Search code examples
regexpandaspython-re

How to exclude prefixed substrings from column values


My goal is to exclude the rows prefixed by No, for example I'm interested by the word commerce, then I have to keep all rows contains commerce and exclude no commerce. I'm looking for an generic solution

data = {
'description':[
    'Commerce foo', 
    'foo commercial',
    'foo no commercial',
    'foo commercial boo',
    'No commerce',
    'foo restaurant',
    'boo no restaurant']
}

df = pd.DataFrame(data)

    ______________________
    | description        |
__________________________
| 0 | Commerce foo       |
| 1 | foo commercial     |
| 2 | foo no commercial  |
| 3 | foo commercial boo |
| 4 | No commerce        |
| 5 | foo restaurant     |
| 6 | boo no restaurant  |
__________________________

I tried (not working)

search = ['restaurant', 'commerce', 'commercial']
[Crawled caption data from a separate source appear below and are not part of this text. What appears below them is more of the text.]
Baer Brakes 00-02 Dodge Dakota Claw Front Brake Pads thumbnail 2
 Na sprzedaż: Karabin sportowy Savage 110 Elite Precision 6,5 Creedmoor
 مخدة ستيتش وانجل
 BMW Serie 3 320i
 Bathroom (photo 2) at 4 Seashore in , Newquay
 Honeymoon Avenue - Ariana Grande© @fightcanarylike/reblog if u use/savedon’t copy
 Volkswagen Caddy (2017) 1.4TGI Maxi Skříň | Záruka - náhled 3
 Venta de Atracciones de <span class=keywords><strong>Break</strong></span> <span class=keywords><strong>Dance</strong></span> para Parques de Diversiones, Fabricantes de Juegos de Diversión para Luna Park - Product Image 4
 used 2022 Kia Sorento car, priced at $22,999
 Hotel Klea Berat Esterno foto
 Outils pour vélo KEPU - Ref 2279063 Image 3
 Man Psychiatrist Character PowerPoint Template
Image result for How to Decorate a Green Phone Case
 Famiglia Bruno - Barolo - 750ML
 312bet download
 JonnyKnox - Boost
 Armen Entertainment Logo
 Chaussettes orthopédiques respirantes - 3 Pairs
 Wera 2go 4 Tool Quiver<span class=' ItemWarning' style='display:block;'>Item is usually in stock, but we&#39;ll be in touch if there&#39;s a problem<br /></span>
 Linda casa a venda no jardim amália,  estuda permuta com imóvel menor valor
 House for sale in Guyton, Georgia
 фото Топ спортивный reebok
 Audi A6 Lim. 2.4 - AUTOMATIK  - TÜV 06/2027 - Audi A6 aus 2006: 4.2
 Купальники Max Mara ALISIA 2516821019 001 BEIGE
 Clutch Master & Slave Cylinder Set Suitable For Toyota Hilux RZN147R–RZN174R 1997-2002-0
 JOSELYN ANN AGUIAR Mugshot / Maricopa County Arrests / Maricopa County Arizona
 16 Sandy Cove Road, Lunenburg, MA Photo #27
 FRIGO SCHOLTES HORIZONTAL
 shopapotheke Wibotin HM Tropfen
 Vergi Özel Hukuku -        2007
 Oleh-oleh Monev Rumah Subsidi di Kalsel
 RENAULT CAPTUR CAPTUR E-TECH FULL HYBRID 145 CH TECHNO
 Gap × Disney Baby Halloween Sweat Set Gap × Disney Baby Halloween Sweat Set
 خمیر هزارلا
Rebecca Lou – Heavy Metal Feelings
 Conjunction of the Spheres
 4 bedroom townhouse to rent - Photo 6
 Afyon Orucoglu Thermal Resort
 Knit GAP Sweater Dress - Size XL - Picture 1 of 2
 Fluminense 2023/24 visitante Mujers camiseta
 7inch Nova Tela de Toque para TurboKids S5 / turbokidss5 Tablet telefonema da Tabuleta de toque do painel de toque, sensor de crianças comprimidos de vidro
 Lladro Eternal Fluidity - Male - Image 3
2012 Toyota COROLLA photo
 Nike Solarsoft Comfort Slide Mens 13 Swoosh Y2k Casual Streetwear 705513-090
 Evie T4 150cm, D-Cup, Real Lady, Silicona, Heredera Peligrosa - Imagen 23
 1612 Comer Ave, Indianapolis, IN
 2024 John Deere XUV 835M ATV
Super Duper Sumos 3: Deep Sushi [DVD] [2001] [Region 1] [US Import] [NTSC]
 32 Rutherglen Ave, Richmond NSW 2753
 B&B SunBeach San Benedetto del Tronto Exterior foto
df['description'].str.findall(f'̂̂̂^(?<=no\s)({"|".join(search)})', flags=re.IGNORECASE)

What I'm looking for

    ______________________
    | description        |
__________________________
| 0 | Commerce foo       |
| 1 | foo commercial     |
| 3 | foo commercial boo |
| 5 | foo restaurant     |
__________________________

Solution

  • The pattern currently starts with ^(?<=no\s) which asserts that from the start of the string there should be no followed by a whitespace char directly to the left. That will not match.

    If you want to filter the rows, you can use str.contains instead of findall.

    You can remove the anchor ^ and change the assertion to (?<!no\s) what will assert that there is not no followed by a whitespace char directly to the left and add word boundaries to the left and right to prevent partial word matches.

    For a match only, you can change the capture group to a non capturing one (?:

    If you print the pattern, it will look like

    \b(?<!no\s)(?:restaurant|commerce|commercial)\b
    

    See a regex demo

    data = {
        'description':[
            'Commerce foo',
            'foo commercial',
            'foo no commercial',
            'foo commercial boo',
            'No commerce',
            'foo restaurant',
            'boo no restaurant']
    }
    
    df = pd.DataFrame(data)
    search = ['restaurant', 'commerce', 'commercial']
    print(df[df['description'].str.contains(fr'\b(?<!no\s)(?:{"|".join(search)})\b', flags=re.IGNORECASE)])
    

    Output

              description
    0        Commerce foo
    1      foo commercial
    3  foo commercial boo
    5      foo restaurant